### Task
Everything in the data except the pictures belongs in your answer, copied exactly.

*** Data for this task ***

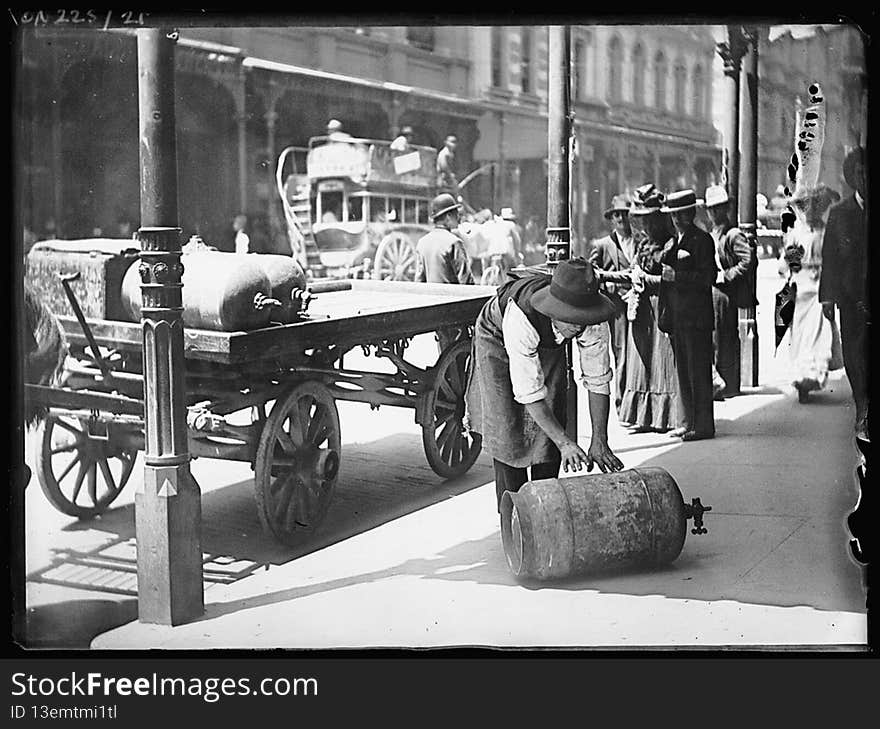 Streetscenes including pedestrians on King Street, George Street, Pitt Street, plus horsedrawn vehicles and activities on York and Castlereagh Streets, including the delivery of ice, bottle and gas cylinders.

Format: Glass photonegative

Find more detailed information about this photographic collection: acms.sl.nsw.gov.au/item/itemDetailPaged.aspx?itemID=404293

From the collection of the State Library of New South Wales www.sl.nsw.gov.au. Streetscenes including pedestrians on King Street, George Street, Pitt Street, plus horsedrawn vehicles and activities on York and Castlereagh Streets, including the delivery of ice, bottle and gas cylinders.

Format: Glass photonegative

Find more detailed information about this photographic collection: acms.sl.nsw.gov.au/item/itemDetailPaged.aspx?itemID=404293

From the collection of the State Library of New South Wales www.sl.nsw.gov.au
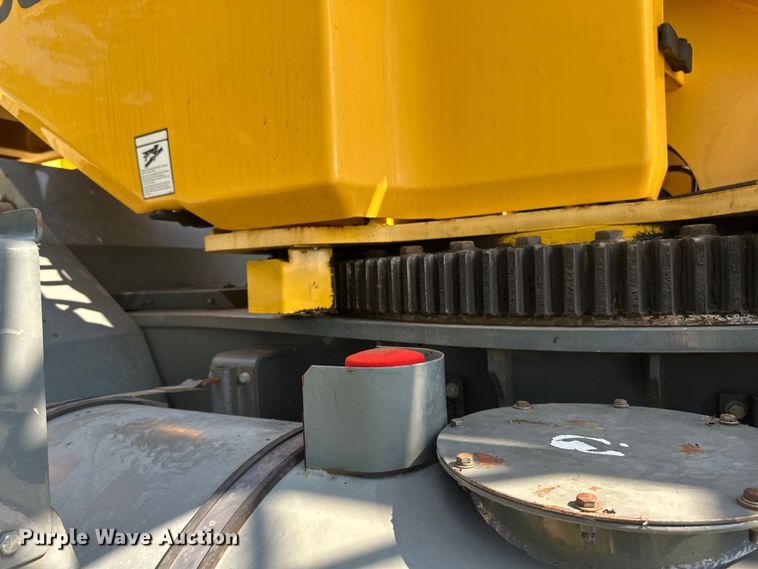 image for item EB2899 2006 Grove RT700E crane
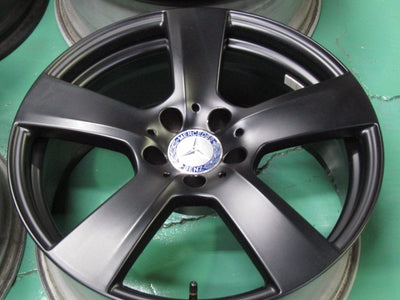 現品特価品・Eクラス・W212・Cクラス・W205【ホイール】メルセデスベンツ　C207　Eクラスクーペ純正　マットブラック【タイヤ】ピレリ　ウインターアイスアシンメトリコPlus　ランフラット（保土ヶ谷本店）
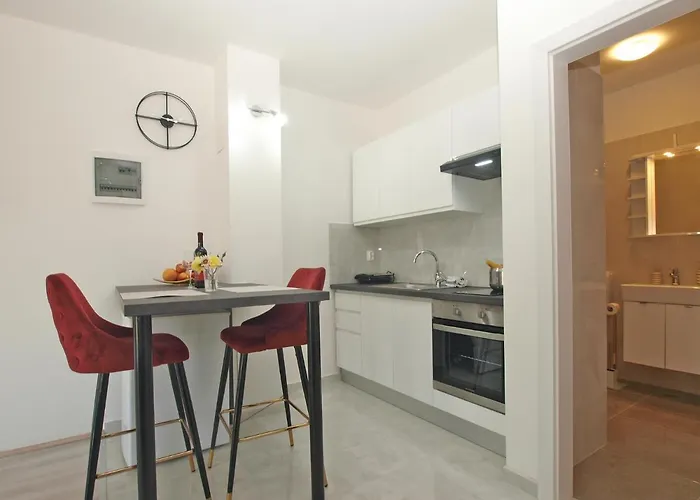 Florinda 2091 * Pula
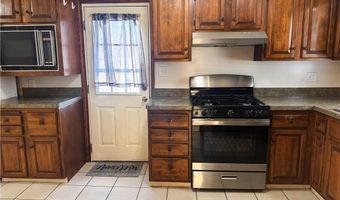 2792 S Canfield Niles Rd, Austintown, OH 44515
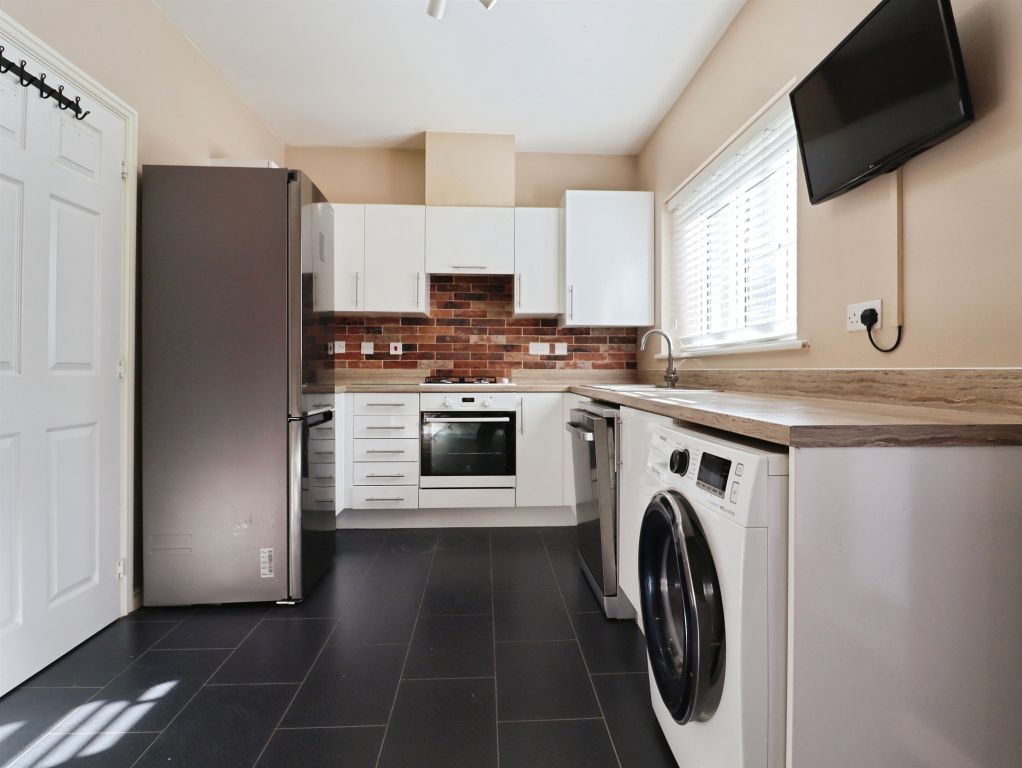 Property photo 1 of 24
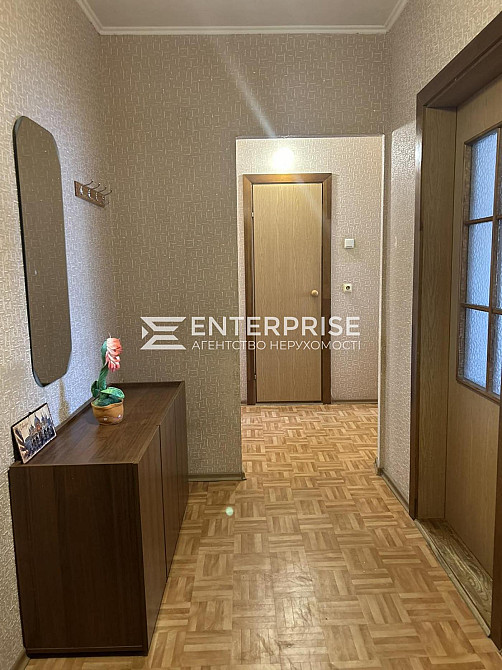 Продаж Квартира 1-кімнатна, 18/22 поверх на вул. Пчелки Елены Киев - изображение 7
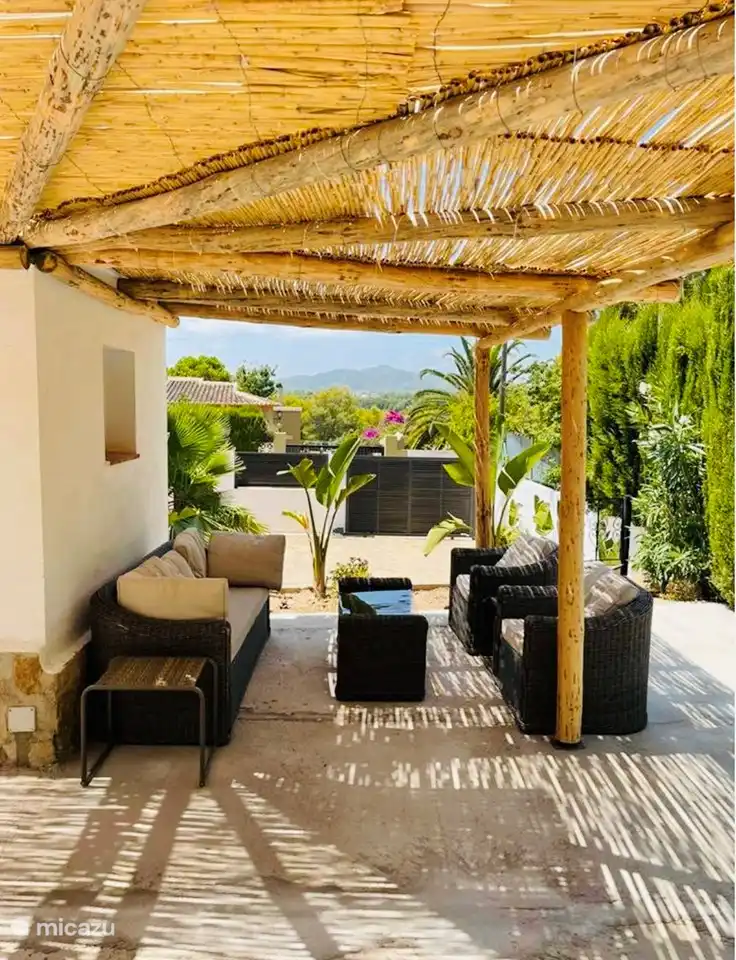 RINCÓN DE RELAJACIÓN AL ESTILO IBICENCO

*** End of Data for this task ***

### Answer box
 Streetscenes including pedestrians on King Street, George Street, Pitt Street, plus horsedrawn vehicles and activities on York and Castlereagh Streets, including the delivery of ice, bottle and gas cylinders.

Format: Glass photonegative

Find more detailed information about this photographic collection: acms.sl.nsw.gov.au/item/itemDetailPaged.aspx?itemID=404293

From the collection of the State Library of New South Wales www.sl.nsw.gov.au. Streetscenes including pedestrians on King Street, George Street, Pitt Street, plus horsedrawn vehicles and activities on York and Castlereagh Streets, including the delivery of ice, bottle and gas cylinders.

Format: Glass photonegative

Find more detailed information about this photographic collection: acms.sl.nsw.gov.au/item/itemDetailPaged.aspx?itemID=404293

From the collection of the State Library of New South Wales www.sl.nsw.gov.au
 image for item EB2899 2006 Grove RT700E crane
 現品特価品・Eクラス・W212・Cクラス・W205【ホイール】メルセデスベンツ　C207　Eクラスクーペ純正　マットブラック【タイヤ】ピレリ　ウインターアイスアシンメトリコPlus　ランフラット（保土ヶ谷本店）
 Florinda 2091 * Pula
 2792 S Canfield Niles Rd, Austintown, OH 44515
 Property photo 1 of 24
 Продаж Квартира 1-кімнатна, 18/22 поверх на вул. Пчелки Елены Киев - изображение 7
 RINCÓN DE RELAJACIÓN AL ESTILO IBICENCO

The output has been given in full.